Saturday, May 29, 2010

Greed Spill

There are still many questions about the BP/Transocean disaster in the Gulf but one thing is crystal clear, greed has once again trumped safety and common sense. This is yet another in a long string of examples of massively successful companies that still feel that it makes sense to save a few dollars by cutting corners. Just as we've seen in the recent financial debacle and the Upper Big Branch mine explosion, rich corporations played fast and loose with common sense because it was in their best financial interests to do so. Wall Street did it with people's financial future and the stability of the nation's economy. Massey Energy did it with the Upper Big Branch mine, costing the lives of 29 miners. And now BP and Transocean have done it with the environment of the Gulf Coast, the livelihoods of those in the fishing and tourist industries and they did it literally with the lives of 11 rig workers.

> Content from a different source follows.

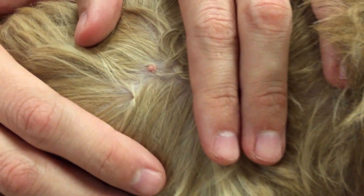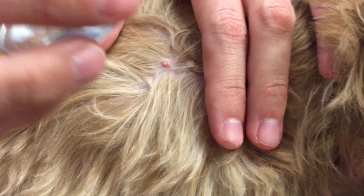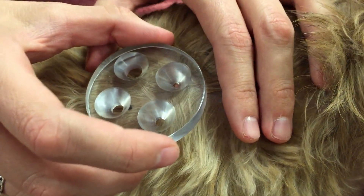Once we find the mass and locate what we want to remove, we take our handy size measuring plate and make sure we find a size that fits over the mass.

Now I'm not siding with Michael Moore to say that Capitalism should be killed, though his argument is not without its points. What I have maintained is that Capitalism will always, without careful oversight, trend towards corruption and fiscal lunacy. During the financial crisis companies seemed immune to any consideration of the inevitable result of the financial bubble. Instead of easing up and throttling back to cruising speed, knowing that the wave of profit was going to end and almost certainly end catastrophically, they slammed the throttle through the gate and flew into the wall at mach 3 screaming like nineteen year olds at a frat party. So quite clearly, we can't even rely on companies to look out for their own long term stability. It's true that this crisis came about from the unholy confluence of bad government decisions, inept or criminally negligent bureaucratic oversight, idiotic lending practices, over leveraged banks and investors willing to buy and sell anything, up to and including their own internal organs. And what do all of those factors have in common? Greed. Pure, undiluted greed. For money, power, influence or just plain bragging rights.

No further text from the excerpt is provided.